Los psicólogos llevan mucho tiempo debatiendo la teoría de los “vínculos continuos” del duelo, que postula que puede ser saludable mantener una conexión con el difunto en lugar de buscar un desapego completo (Klass, Silverman y Nickman, 2014).

Los perfiles digitales son una herramienta poderosa para ello. Un cónyuge en duelo puede releer mensajes antiguos, un hijo puede ver vídeos con la voz de su padre o madre, y los amigos pueden desplazarse por años de recuerdos compartidos, fotos y bromas privadas. El muro del perfil se convierte en un espacio común para el recuerdo, donde las personas pueden publicar homenajes, compartir anécdotas y llorar colectivamente mucho después de que haya terminado el funeral. En este sentido, el fantasma digital es una presencia reconfortante, un testimonio de una vida vivida plenamente y una forma de mantener el recuerdo de esa persona integrado en el tejido del presente. Proporciona un espacio compartido donde la afirmación “viven en nuestros recuerdos” se vuelve tangible e interactiva.
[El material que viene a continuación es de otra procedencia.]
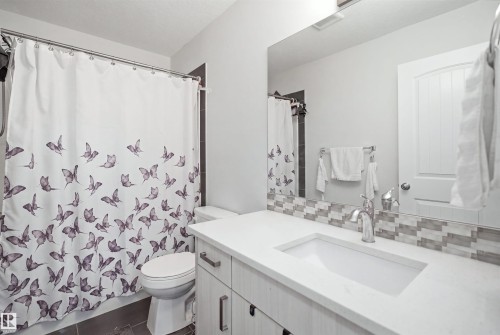 Bathroom featuring a light wood-finish vanity with a white countertop and integrated sink, chrome faucet, and a large mirror - #22 723 172 Street Sw, Edmonton, AB - Indoor Photo Showing Bathroom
Sin embargo, esta misma persistencia puede ser una fuente de dolor profundo e interminable. Los algoritmos que ejecutan estas plataformas no están diseñados para la pérdida humana. Están diseñados para la participación, no para la empatía. La aparición repentina de un “recuerdo” puede ser una intrusión discordante y desagradable, que reabre las heridas del dolor sin previo aviso. Una notificación de cumpleaños puede parecer una broma cruel. Ver el perfil del difunto sugerido como “una persona que quizá conozcas” es un fallo técnico que se percibe como un error espiritual.

Para algunos, esta accesibilidad constante impide el proceso psicológico necesario para aceptar la irrevocabilidad de la muerte. El duelo requiere reconocer la ausencia, pero el yo digital está perpetuamente presente. Esta paradoja puede frenar el proceso de duelo, atrapando a las personas en un ciclo de recuerdo que roza la obsesión. El fantasma digital, que para algunos es una presencia reconfortante, se convierte para otros en un recordatorio constante y doloroso de lo que —y a quién— se ha perdido. La naturaleza estática e inmutable del perfil puede subrayar la brutal realidad de que, aunque su huella digital permanece, la persona que la creó se ha ido para siempre.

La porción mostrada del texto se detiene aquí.